→ To do: Please reproduce the data exactly, excluding any pictures it contains.

→ Exercise data:
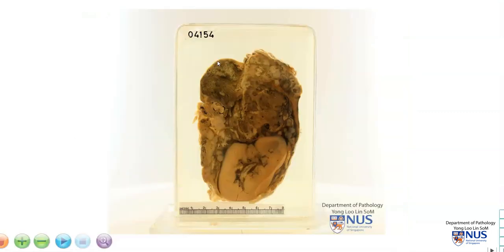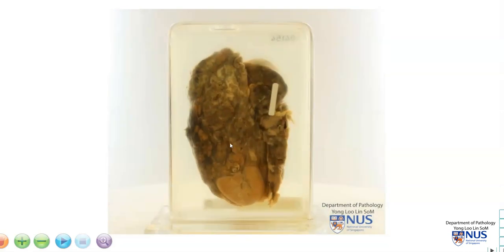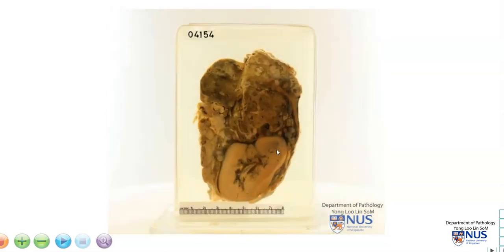In summary, this is an example of a suprarenal tumor involving the region of the adrenal gland, which is no longer seen in the specimen. We have a large variegated tumor with darker areas of hemorrhage and pale areas of necrosis. This tumor does not appear to directly invade into the kidney in this particular plane of sectioning. This is a neuroblastoma.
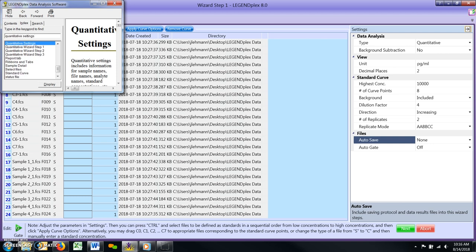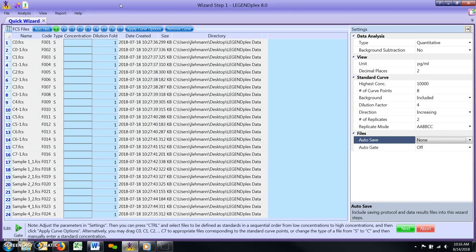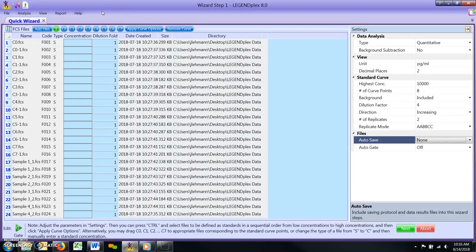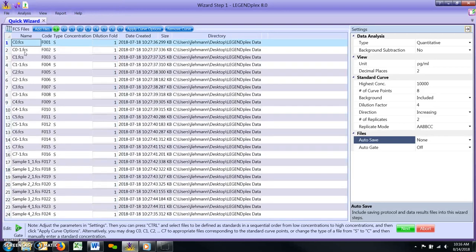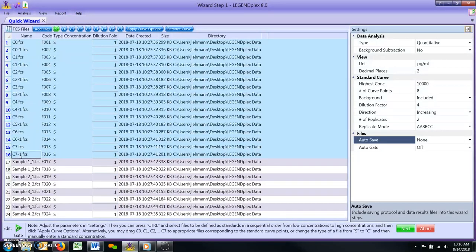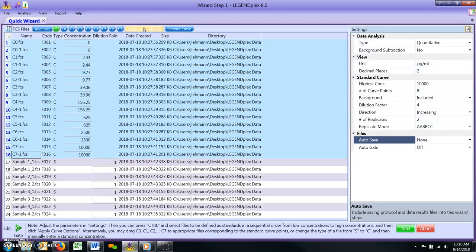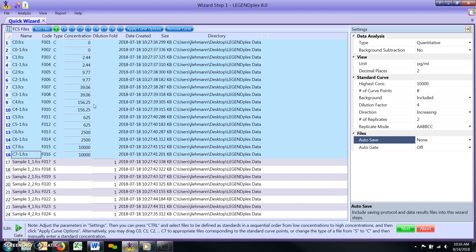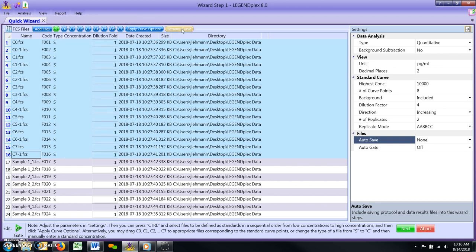Defining the Standard Curve. Once you have adjusted all necessary parameters in the settings window, you will need to define which FCS files belong to the assay's standard curve. The easiest way to do this is to shift-click all the standard curve files in the list, and then click the Apply Curve Options button at the top of the screen. This will assign a standard curve point, C0 through C7, to all highlighted files based on the adjustments just made in the settings window. If you make a mistake, simply click the Remove Curve button to undo the assignment. Make any necessary parameter adjustments in the settings window and then click Apply Curve Options again.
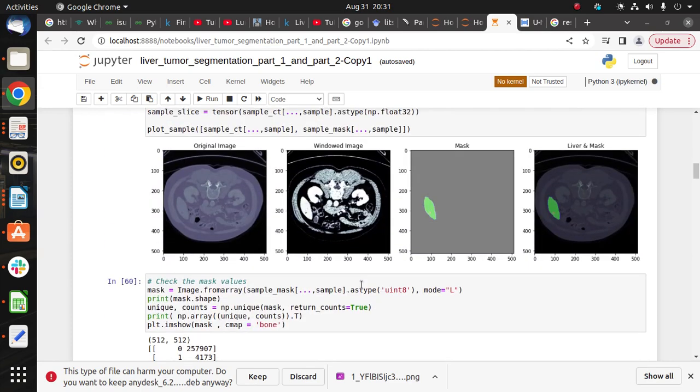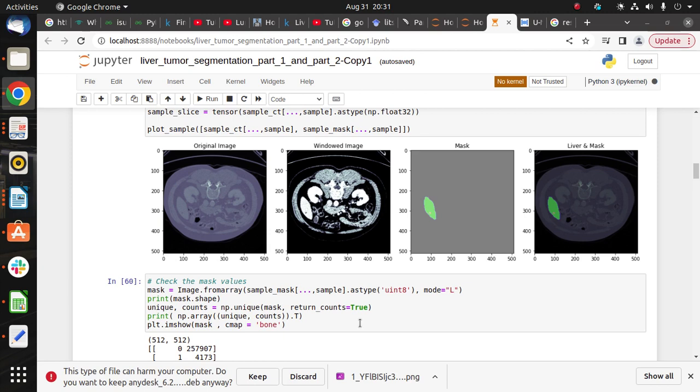After that, convert the original image into the windowing image to remove the irrelevant organs from the original image. That makes the liver and tumor regions clean for segmentation. After that, do the plotting on the sample slice where we can see the original image, windowing image, mask image, and the liver image.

→ Response box:
In summary, this is an example of a suprarenal tumor involving the region of the adrenal gland, which is no longer seen in the specimen. We have a large variegated tumor with darker areas of hemorrhage and pale areas of necrosis. This tumor does not appear to directly invade into the kidney in this particular plane of sectioning. This is a neuroblastoma.
Defining the Standard Curve. Once you have adjusted all necessary parameters in the settings window, you will need to define which FCS files belong to the assay's standard curve. The easiest way to do this is to shift-click all the standard curve files in the list, and then click the Apply Curve Options button at the top of the screen. This will assign a standard curve point, C0 through C7, to all highlighted files based on the adjustments just made in the settings window. If you make a mistake, simply click the Remove Curve button to undo the assignment. Make any necessary parameter adjustments in the settings window and then click Apply Curve Options again.
After that, convert the original image into the windowing image to remove the irrelevant organs from the original image. That makes the liver and tumor regions clean for segmentation. After that, do the plotting on the sample slice where we can see the original image, windowing image, mask image, and the liver image.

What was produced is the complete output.